Top of INFORMATION SUPPLIED

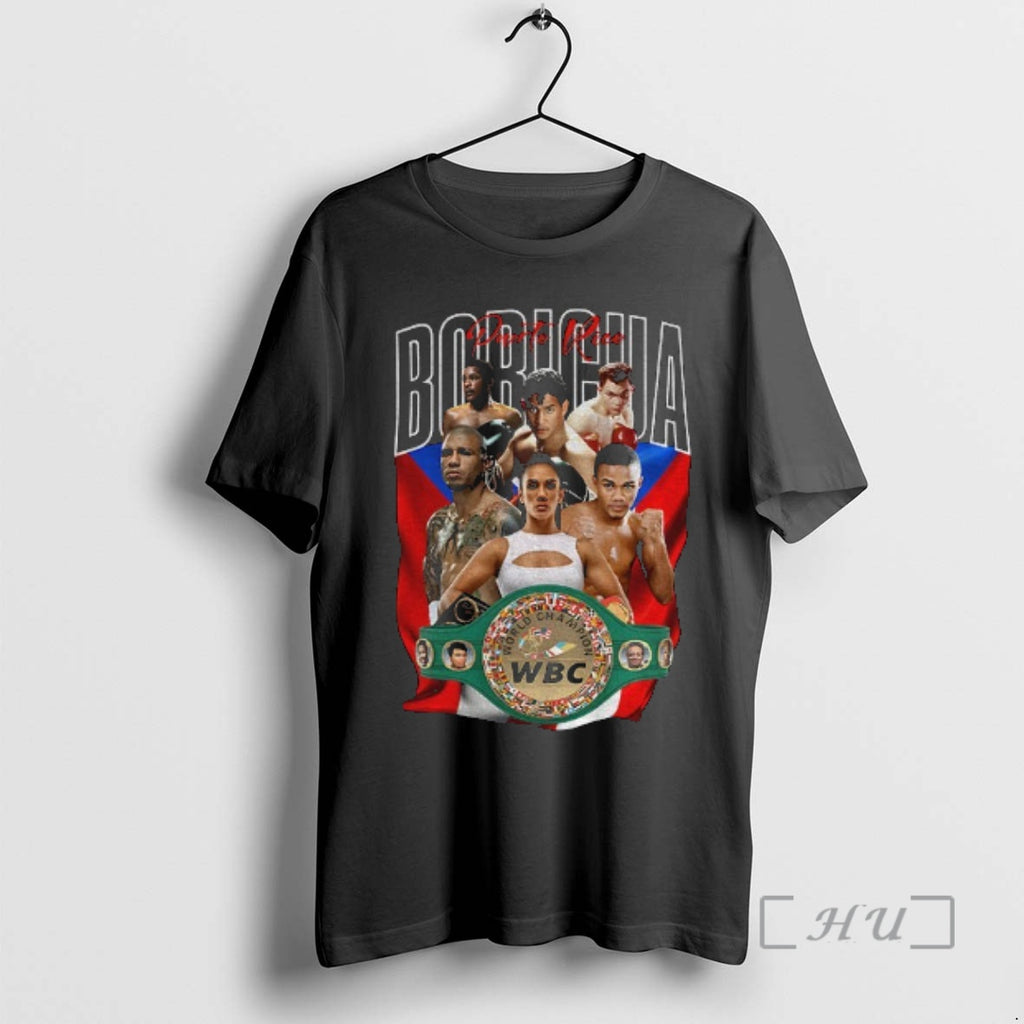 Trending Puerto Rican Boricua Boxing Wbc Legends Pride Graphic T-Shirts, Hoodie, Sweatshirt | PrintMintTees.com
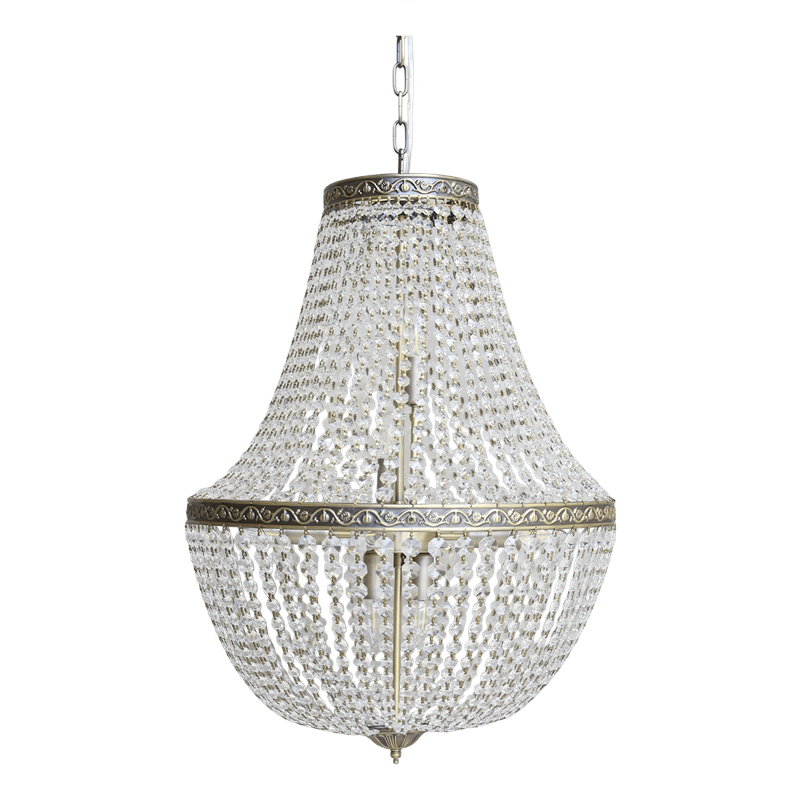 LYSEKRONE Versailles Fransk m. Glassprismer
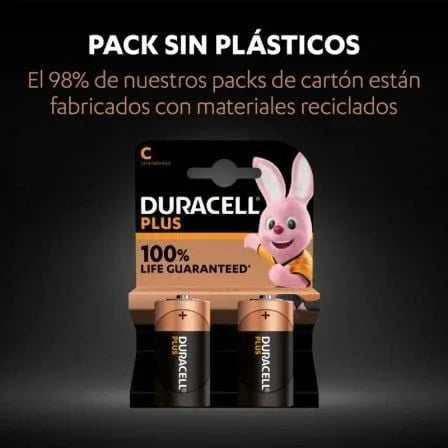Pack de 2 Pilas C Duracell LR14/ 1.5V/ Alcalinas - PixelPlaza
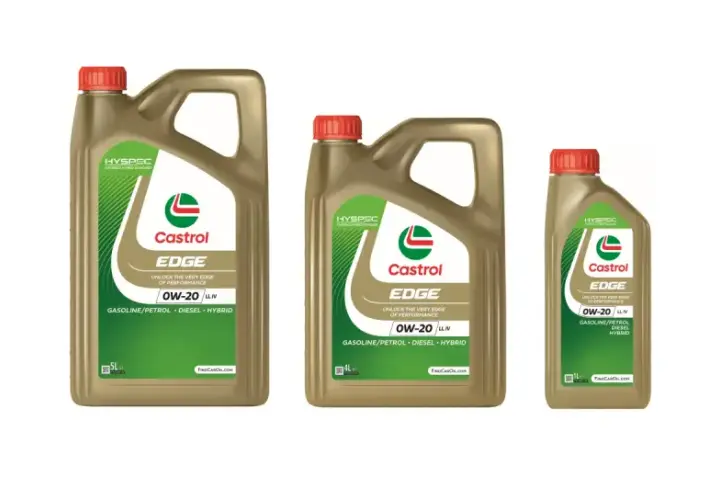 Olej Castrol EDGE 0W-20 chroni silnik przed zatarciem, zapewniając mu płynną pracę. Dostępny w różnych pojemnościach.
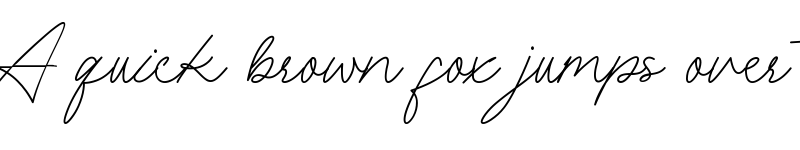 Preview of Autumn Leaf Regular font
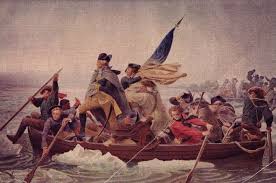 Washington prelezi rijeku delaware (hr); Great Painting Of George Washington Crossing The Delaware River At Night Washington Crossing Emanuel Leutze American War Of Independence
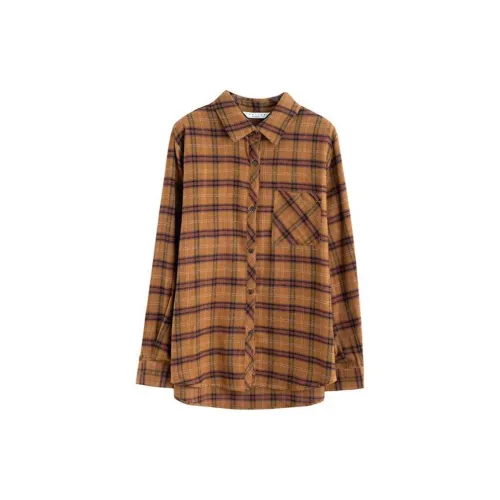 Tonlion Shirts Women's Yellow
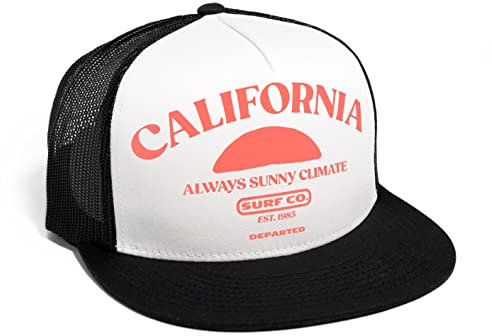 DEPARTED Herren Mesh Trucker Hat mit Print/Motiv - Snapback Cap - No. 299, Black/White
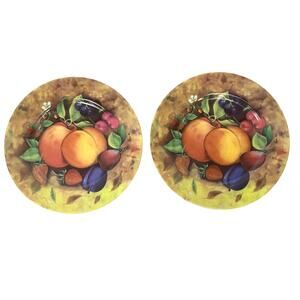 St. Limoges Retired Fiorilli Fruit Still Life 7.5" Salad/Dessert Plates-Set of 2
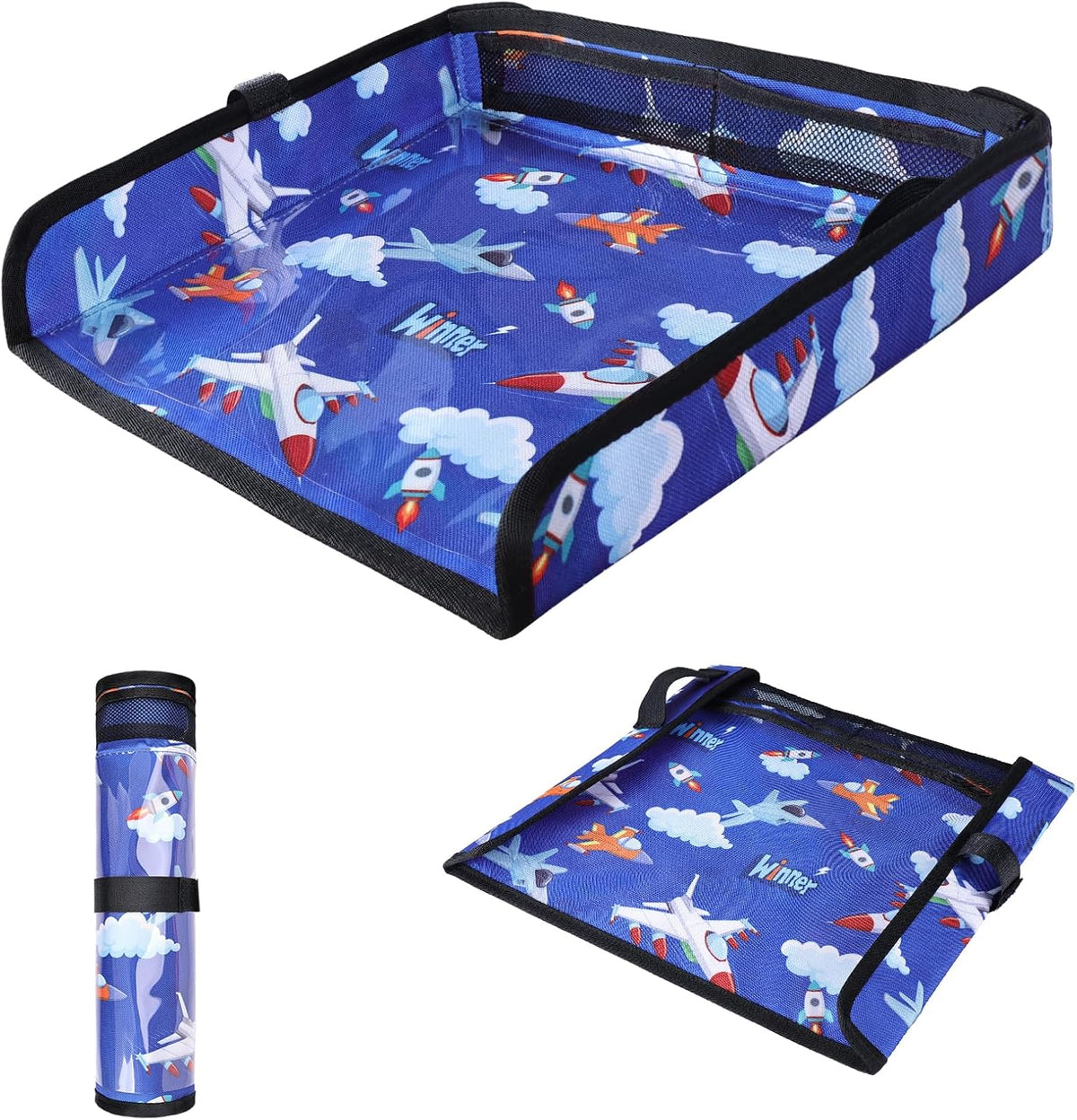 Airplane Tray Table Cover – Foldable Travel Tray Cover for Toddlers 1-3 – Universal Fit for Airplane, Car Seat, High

Bottom of INFORMATION SUPPLIED

§ **WORK INSTRUCTION**: Going by the entries above, repeat exactly the lines that start at the line with "Washington prelezi rijeku" and go on through the line with "St. Limoges Retired". Pictures are not part of the copy.

§ **RESPONSE TO THIS TASK**:
 Washington prelezi rijeku delaware (hr); Great Painting Of George Washington Crossing The Delaware River At Night Washington Crossing Emanuel Leutze American War Of Independence
 Tonlion Shirts Women's Yellow
 DEPARTED Herren Mesh Trucker Hat mit Print/Motiv - Snapback Cap - No. 299, Black/White
 St. Limoges Retired Fiorilli Fruit Still Life 7.5" Salad/Dessert Plates-Set of 2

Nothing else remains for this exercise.